Она презрительно фыркнула:
— Серый способен на все. Кроме одного: он не делает глупостей. Ни трезвый, ни пьяный, ни днем, ни во сне. Прямо во время махалова, не то что на ходу — на лету и то соображает, как компьютер. Здесь что-то другое. Если докопаетесь, — она кивнула на пачки банкнот на столе, — не пожалеете… А сейчас мне пора, если больше вопросов нет. — Она резко встала.
— Простите, — спросил он уже в дверях, — а какова ваша профессия?
Поиграв брезгливо губами, она выплюнула:
— Совладелец торгового предприятия, — и захлопнула дверь.
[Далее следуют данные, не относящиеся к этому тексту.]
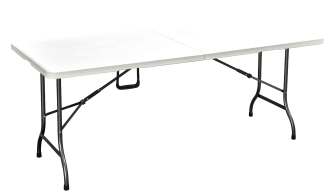 myResort Tραπεζι Catering Βαλίτσα 180x75x72cm 31-30773 Λευκό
На следующее утро, после обычных формальностей, член коллегии адвокатов Самойлов был официально признан защитником подследственного Серова и уже после обеда входил в камеру своего подзащитного.
На койке в углу сидел гигант. Он не сделал никакого движения навстречу вошедшему, только чуть повернул голову и слегка пошевелил плечами, как бы проверяя упругость мускулов.
Адвокату постоянно случалось посещать обвиняемых, и порою таких, что не дай Бог встретить на улице, но он всегда знал заранее: с ним они будут кротки, как овечки, ибо он — их последняя надежда. А сейчас, входя в камеру, он впервые испытал страх. Ему на миг показалось, что этот тип может взять да и свернуть ему шею — просто так, чтобы послушать, как кости хрустят.